You're an artist. Why is your blog called I'm not that good at drawing?


I've been to art clubs an classes since age 4 approximately, and drawing was always one of my favourite things to do as child. Especially if I could draw either with my mum or late grandma.

I think my strength is in colour, not so much in form and most definitely not in precision. I've never liked drawing from life because there was always a huge disconnect between my hand and eye. There still is, and I despise sketching from reference for practice.

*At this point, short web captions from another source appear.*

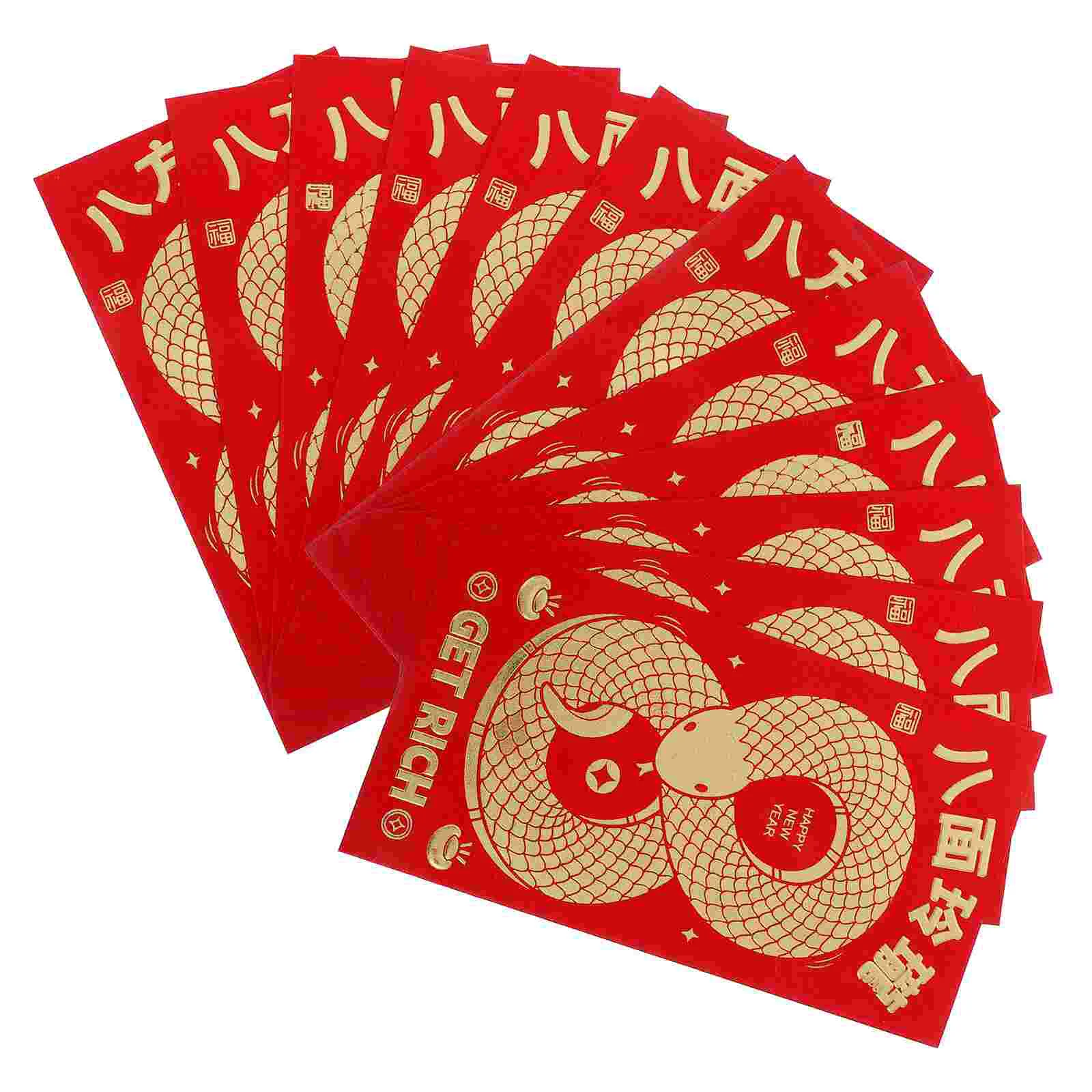 

12 Pcs Red Envelope Envelopes Chinese Wedding Frosted New Year Snake of The Paper for Cash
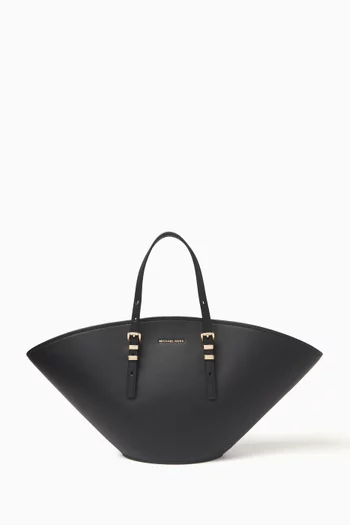 Small Isa Fan Tote Bag in Leather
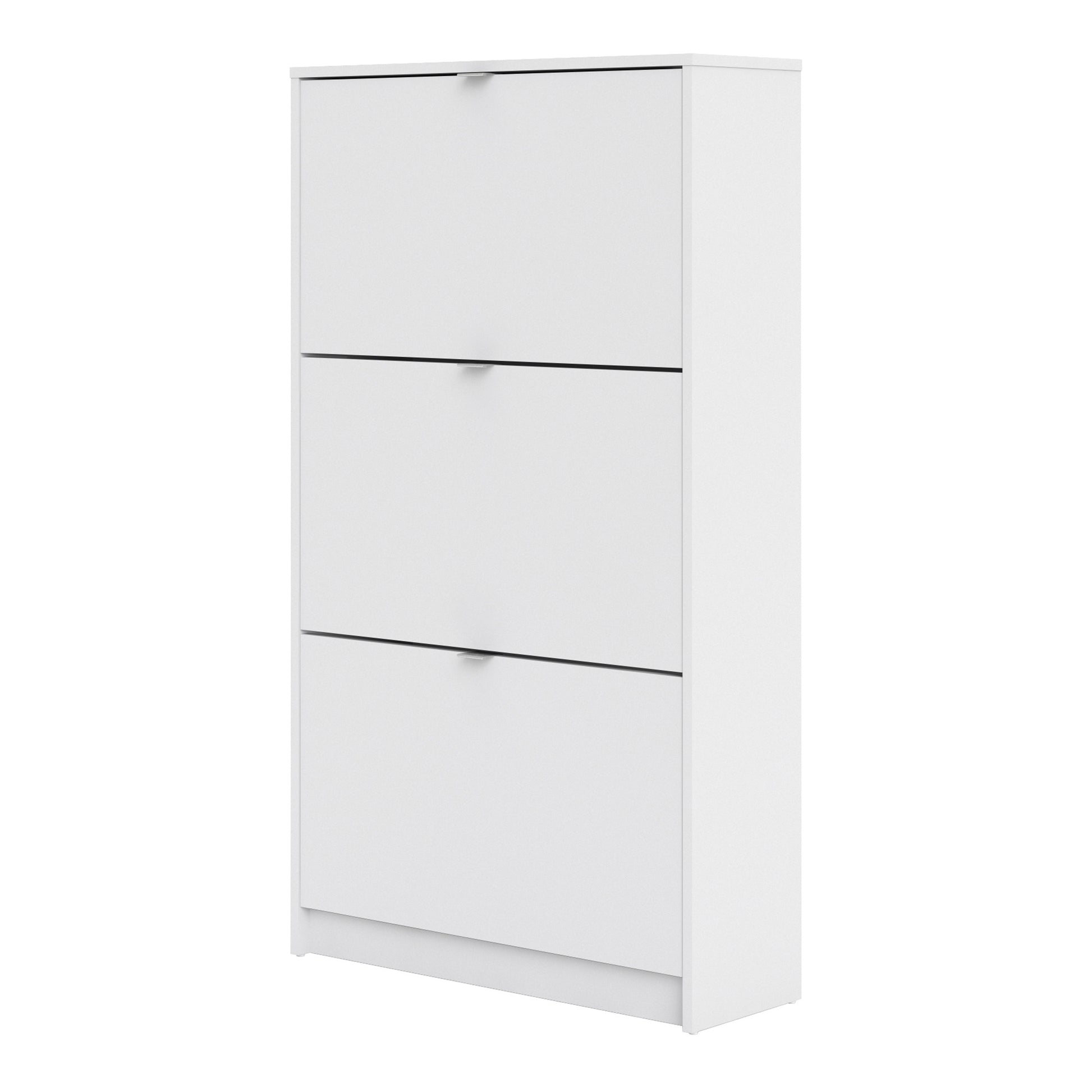 Shoes White Cabinet 3 Tilting Doors (1or2 Layers) - FURNITURE CURLS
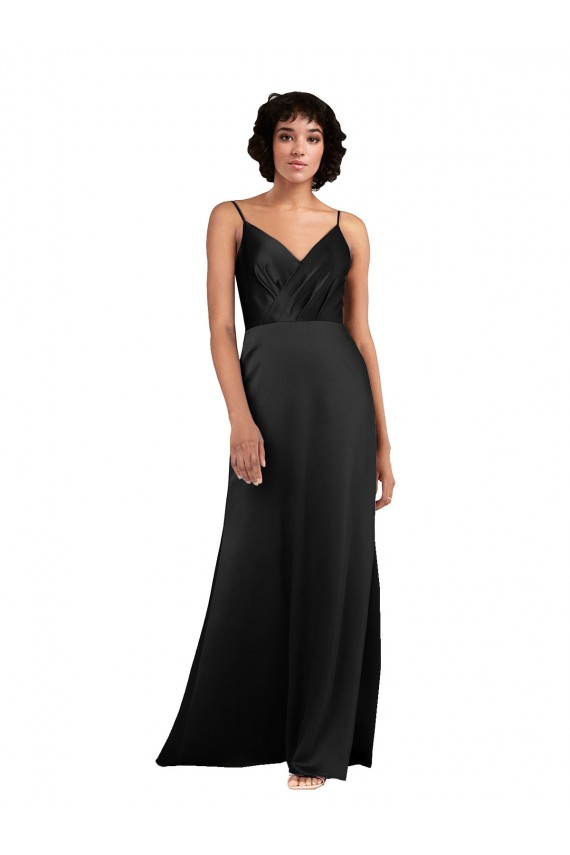 Compre Negro Columna Cuello en V Satén sedoso Largo Asimétrico Formales Vestidos de dama de honor / Vestidos de fiesta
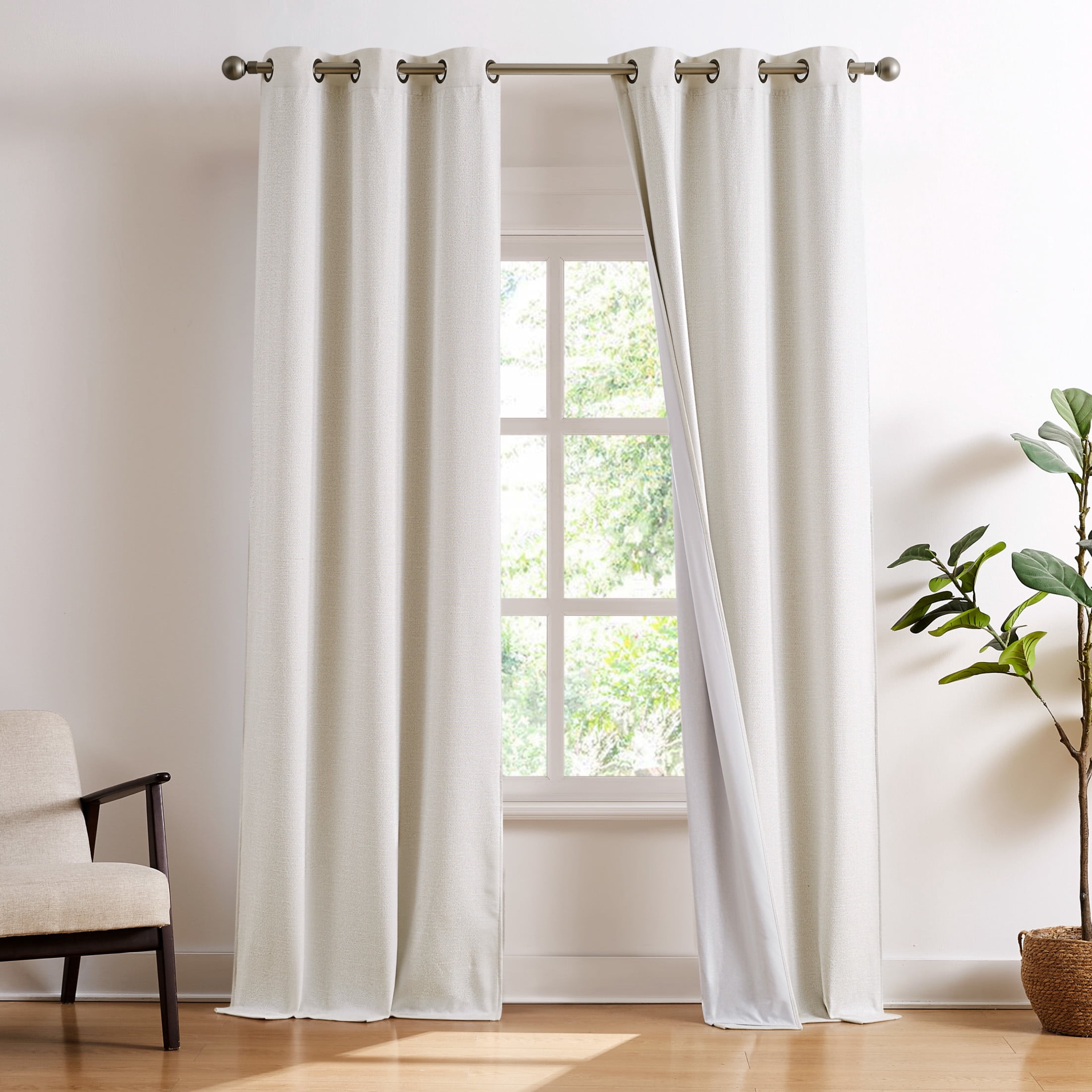 Brookstone Beige Alfred Blackout Grommet 38" W x 96" L Window Curtain Panel Pairs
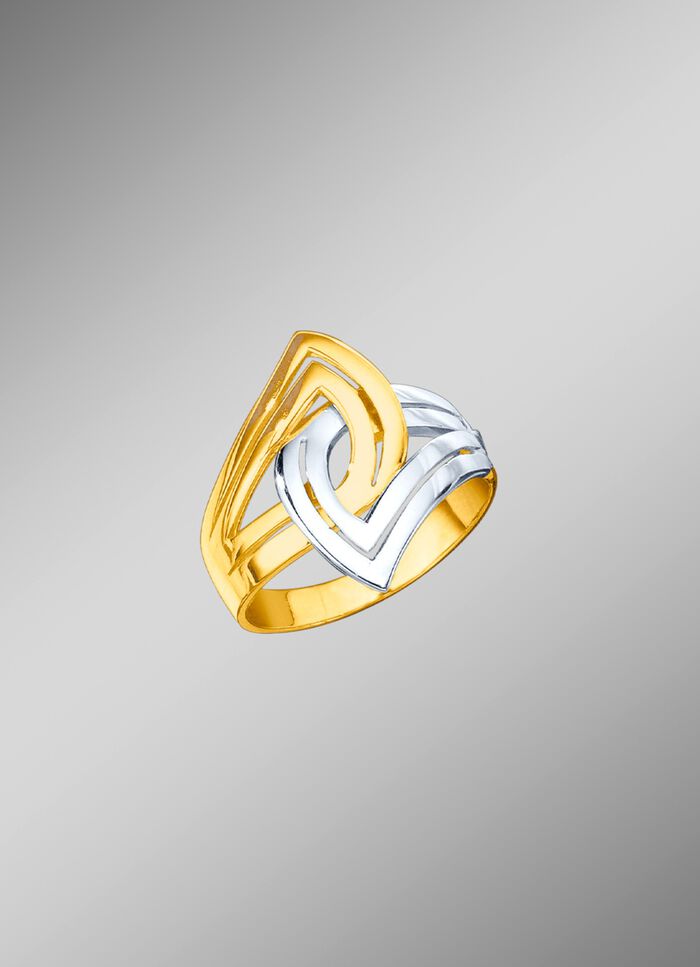 Verschlungener Damenring in Bicolor 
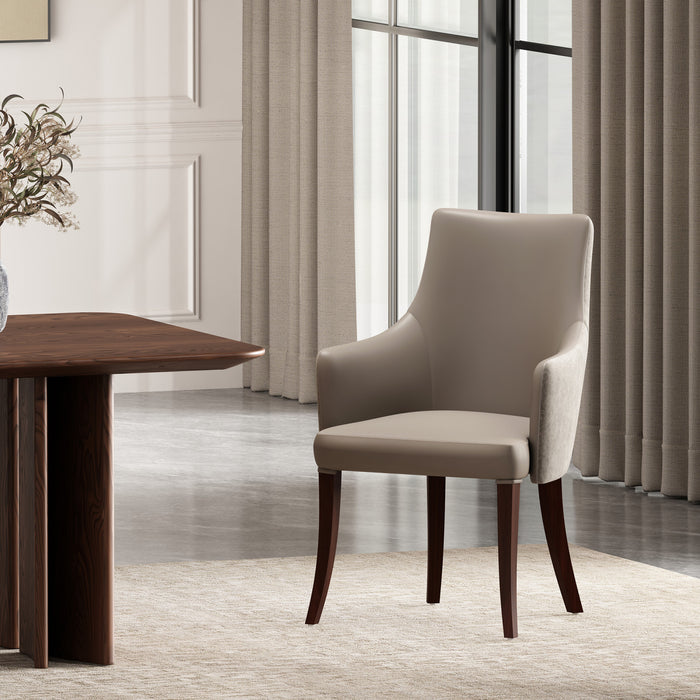 Connie Modern Wood Vegan Leather and Velvet Armchair in Taupe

I went to an Upper Secondary School (or high school if you're American, Gymnasium if you're Swedish) that specialised in visual arts, which is where I started fully identifying as someone who can't draw. In my group of friends everyone seemed to have their own distinct art style, and not only could they doodle from imagination, they also captured likeness seemingly effortlessly. So I started to feel inferior and only took the bare minimum of drawing classes. I got into photography and started playing with Photoshop. To be honest, I aced all of my photo classes and got top marks. My teacher wrote my university application reference.


I went on to do a Bachelor's Degree in Photographic Art, which helped me realise that I didn't actually like photography all that much. I gravitated towards video, and dance. Dance is something I'd also done from young age until I moved on to figure skating. But now, as a 20-something I again felt inadequate if I took dance classes, so instead of doing that I would dance wherever I could as long as I didn't have to share space with limber 16-year-olds.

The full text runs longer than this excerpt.